Well, I beg to differ but I will get to that.

>> Any ideas what the issue could be here? If there's anything else I can
>> do to help track down the problem, please let me know.
>
> That should be reported to the maintainers of the kernel driver that has
> this issue:

So the issue is that the nl80211 api requires wpa_supplicant to provide
an attribute in the NL80211_CMD_CONNECT to indicate that driver/firmware
should do the 1x offload which is described in the second paragraph below:

/**
* DOC: WPA/WPA2 EAPOL handshake offload
*
* By setting @NL80211_EXT_FEATURE_4WAY_HANDSHAKE_STA_PSK flag drivers
* can indicate they support offloading EAPOL handshakes for WPA/WPA2
* preshared key authentication. In %NL80211_CMD_CONNECT the preshared
* key should be specified using %NL80211_ATTR_PMK. Drivers supporting
* this offload may reject the %NL80211_CMD_CONNECT when no preshared
* key material is provided, for example when that driver does not
* support setting the temporal keys through %CMD_NEW_KEY.
*
* Similarly @NL80211_EXT_FEATURE_4WAY_HANDSHAKE_STA_1X flag can be
* set by drivers indicating offload support of the PTK/GTK EAPOL
* handshakes during 802.1X authentication. In order to use the offload
* the %NL80211_CMD_CONNECT should have %NL80211_ATTR_WANT_1X_4WAY_HS
* attribute flag. Drivers supporting this offload may reject the
* %NL80211_CMD_CONNECT when the attribute flag is not present.
*
* For 802.1X the PMK or PMK-R0 are set by providing %NL80211_ATTR_PMK
* using %NL80211_CMD_SET_PMK. For offloaded FT support also
* %NL80211_ATTR_PMKR0_NAME must be provided.
*/

For testing I had modified the wpa_supplicant to add the required flag
in CONNECT command, but it was a bit too hacky to submit. I will rebase
those changes and clean it up.

However, there is more to it.
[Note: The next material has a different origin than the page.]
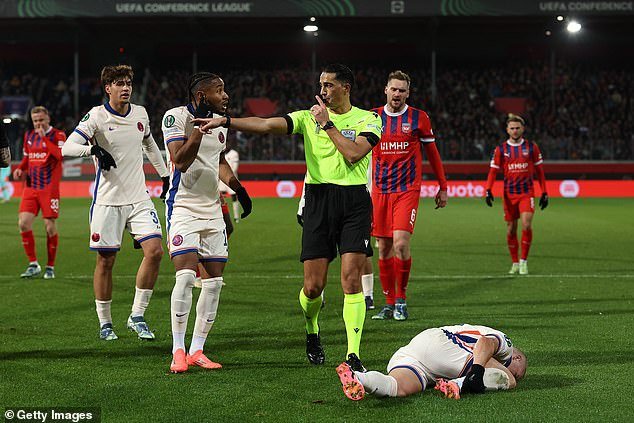 Mykhailo Mudryk was deemed to have gone down too easily under a challenge at the end of the first half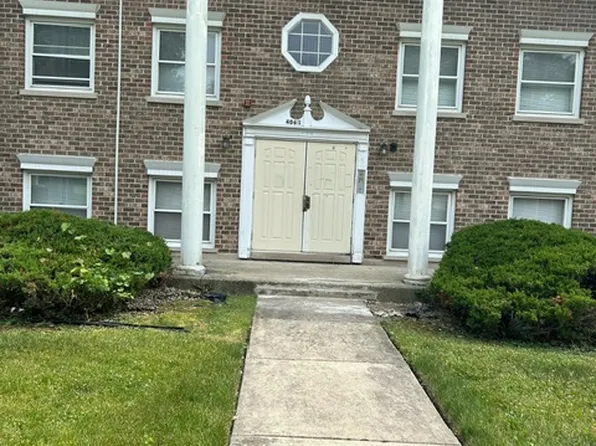 4061 Charleston Rd APT 3E, Matteson, IL 60443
When these offloads were introduced, we
discussed about having a PORT_AUTHORIZED event or not. It was decided
passing an attribute in CONNECT and ROAMED event would suffice and that
is what was implemented in brcmfmac. However, it seems time passed and
the need for an explicit PORT_AUTHORIZED was there (probably Denis
knows), which wpa_supplicant now supports thus ignoring the attribute in
the CONNECT and ROAMED events. The brcmfmac driver was not changed
accordingly. For this there are patches pending in linux-wireless which
are necessary to have a working connection.

Regards,
Arend


2019-01-08 17:44:06

by Denis Kenzior

[permalink] [raw]
Subject: Re: Kernel oops / WiFi connection failure with wpa_supplicant 2.7

Hi Arend,

> However, there is more to it. When these offloads were introduced, we
> discussed about having a PORT_AUTHORIZED event or not. It was decided
> passing an attribute in CONNECT and ROAMED event would suffice and that
> is what was implemented in brcmfmac. However, it seems time passed and
> the need for an explicit PORT_AUTHORIZED was there (probably Denis
> knows), which wpa_supplicant now supports thus ignoring the attribute in
> the CONNECT and ROAMED events. The brcmfmac driver was not changed
> accordingly. For this there are patches pending in linux-wireless which
> are necessary to have a working connection.
>

Coming in a bit late to this discussion, but it does raise a few points
I wouldn't mind some clarification on:

- With commit 503c1fb98ba3, the kernel effectively changed the userspace
API. So I take it that breaking userspace APIs are OK sometimes? If so,
I have lots of suggestions to make ;)

- Is RTNL LINK_MODE / OPER_STATE status being (supposed to be?) affected
by the driver during a roam? E.g. if we're in a 802.1X network with
userspace authentication, and driver roamed requiring a new 802.1X auth,
then in theory the RTNL mode needs to be brought back out of UP state...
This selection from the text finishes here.